When one thread is traversing the hashtable / Collections.synchronizedMap through an Iterator , while another thread changes it by mutative operations (put, remove , etc) , iterator implemented in the java.util collections classes fails by throwing ConcurrentModificationException . The exception occurs when the hasNext() or next() method of Iterator class is called. The same error also occurs (See Code Part 1 : ) , when elements are added in hashtable or synchronizedMap , once the iterator is constructed. While iterating the collection (hashtable) through iterator , collection / table- wide locking is required , otherwise ConcurrentModificationException is occured .

3. Scalabilty Issues :

Scalabilty is the major issue when we use synchronized collections . When the workload of the application increases , increasing the resources like processor , memory should also increase the throughtput of the application. Unfortunately , it does not happen . A scalable program can handle a proportionally larger workload with more resources. As synchronized collections synchronize on a single common lock , it restricts access to a single thread at a time, other threads are restricted to access that collections , even if the resources are available to schedule those threads.

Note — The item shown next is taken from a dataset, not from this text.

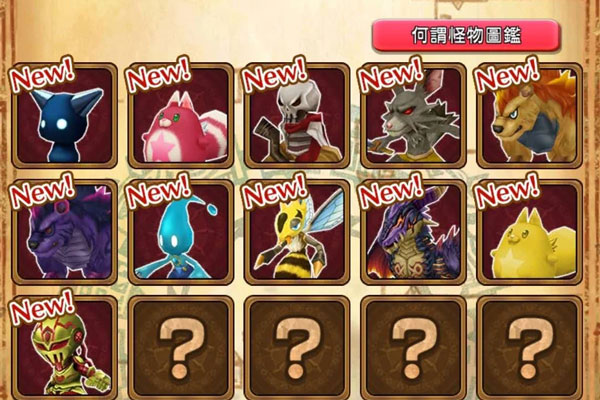 白猫计划手游下载 v5.23.3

4. Some of the common sequences of operations , such as put-if-absent (to check if an element is in the collection before adding it) or iteration , require external synchronization (i.e. client side locking ) (See Code Part 3 ) to avoid data races .

Code Part 1 :

//Map hm=Collections.synchronizedMap(new HashMap());

Map hm=new Hashtable(new HashMap());

//ConcurrentHashMap hm=new ConcurrentHashMap();

hm.put(1, "Blue");

hm.put(2, "Green");

hm.put(3, "Yellow");

Iterator entries = hm.entrySet().iterator();

hm.put(4, "Red");

hm.put(5, "Orange");

while (entries.hasNext()) {

Map.Entry entry = (Map.Entry) entries.next();

Integer key = (Integer)entry.getKey();

String value = (String)entry.getValue();

System.out.println("Key = " + key + ", Value = " + value);}

To overcome the above issues with the synchronized collections , a new version of HashMap with concurrent access has been designed that is ConcurrentHashMap. This class is packaged with java.util.concurrent in JDK 1.5)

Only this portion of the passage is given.